Copy the listing exactly as given. Omit every picture.

RAW DATA:
────────────────────

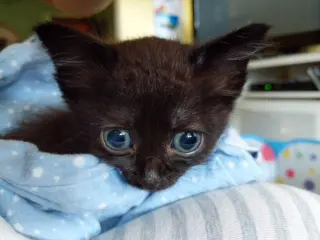 kitten Friends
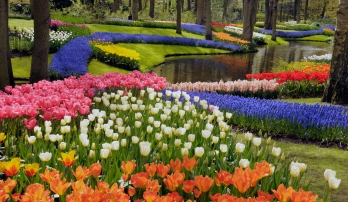 The Netherlands Bike & Boat: Springtime in Holland, Aboard the Princesse Royal 11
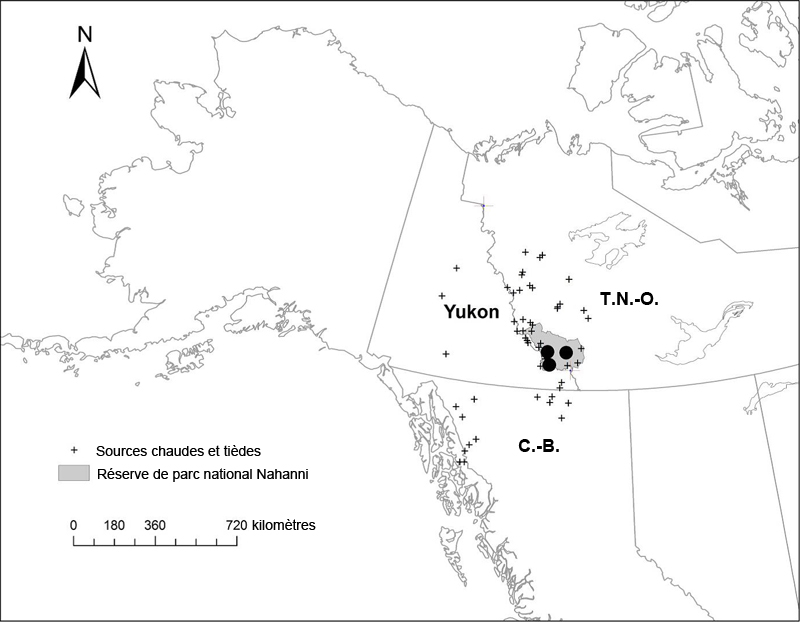 Répartition mondiale de l'aster de la Nahanni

────────────────────

ANSWER SPACE:
 kitten Friends
 The Netherlands Bike & Boat: Springtime in Holland, Aboard the Princesse Royal 11
 Répartition mondiale de l'aster de la Nahanni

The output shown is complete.